Sources say the Miami office is a “pass-through” office, churning out work for the New York office on behalf of wealthy Latin American clients at high fees, and some Miami lawyers there are frustrated by having little contact with clients.

A White & Case spokesperson did not return calls for comment by deadline.

Joe Ankus, a longtime legal headhunter and executive director of the National Association of Legal Search Consultants, said it’s not unusual for junior and midrange partners to leave major firms like White & Case, which ranks ninth on The Am Law 100, to spin off their own boutiques.

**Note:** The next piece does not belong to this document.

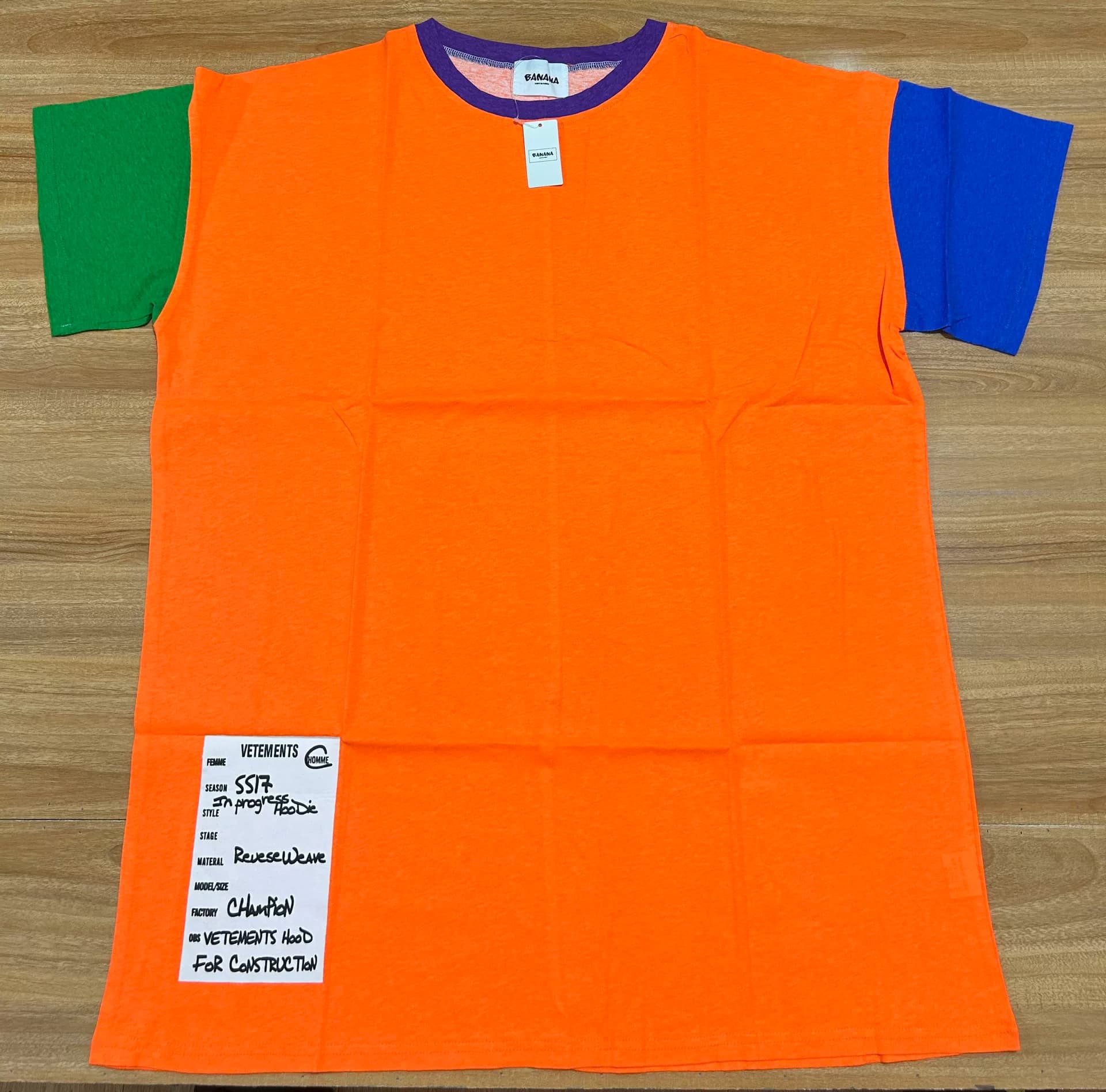 Кобрендинговая оранжевая футболка с короткими рукавами Vetements x Champion,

“The firms are reluctant to allow the junior partners to bring in below market rate business because their overhead prevents them from doing it,” Ankus said. “The biggest variable is overhead. It’s the killer. The younger partners want to bring in the second or third tier of business and grow a book of business, so they spin off a firm. I don’t think it sets off alarm bells. I think it’s consistent with them wanting to be entrepreneurial, plus they don’t have nearly the conflicts they would in a large firm.”

That doesn’t mean there doesn’t continue to be a place for the big law firms like White & Case, Ankus noted.

“The good news is these large firms have such a good reputation and such great technical expertise that the larger Fortune 500 clients love them,” he said.

White & Case saw gross revenue increase 4.1 percent to more than $1.3 billion in 2011, while profits per partner dropped 5.1 percent to nearly $1.5 million as the firm made a number of new investments and weathered a series of lateral departures and cracked down on unproductive partners. The firm’s financial restructuring group is headed by Thomas Lauria, who splits his time between Miami and New York and was named a Dealmaker of the Year by The American Lawyer in 2011.

The firm served as bankruptcy counsel to Major League Baseball this year in the record-setting $2.15 billion sale of the LosAngeles Dodgers.